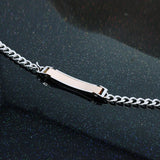 Women Red Crystal Bracelet Silver Bangle Gift Wristband Charm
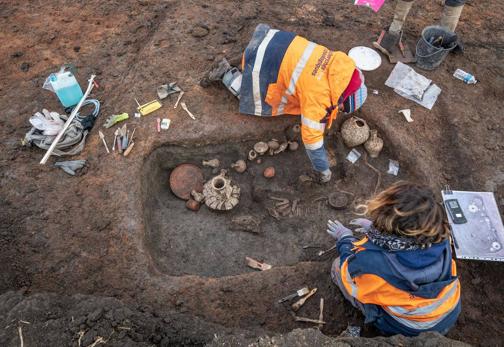 Descubren una tumba de un niño enterrado con su perro en la Galia romana hace 2.000 años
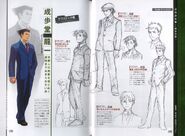 Concept art of Phoenix Wright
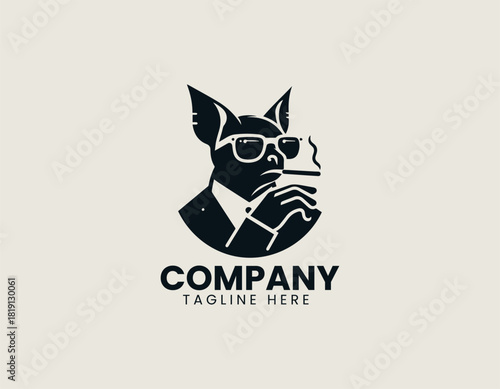 Cool Gothic bat mascot illustration wearing sunglasses, chain necklace, and cross pendant.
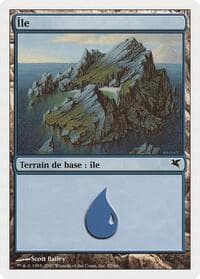 Island (French) - "Ile" (E57) - Magic Encyclopedia 2005 (Salvat/Hachette) - Magic: The Gathering card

> **Your task**
Retype each line of the listing above word for word. Exclude the pictures.

> **Output of the task**
 Women Red Crystal Bracelet Silver Bangle Gift Wristband Charm
 Descubren una tumba de un niño enterrado con su perro en la Galia romana hace 2.000 años
 Concept art of Phoenix Wright
 Cool Gothic bat mascot illustration wearing sunglasses, chain necklace, and cross pendant.
 Island (French) - "Ile" (E57) - Magic Encyclopedia 2005 (Salvat/Hachette) - Magic: The Gathering card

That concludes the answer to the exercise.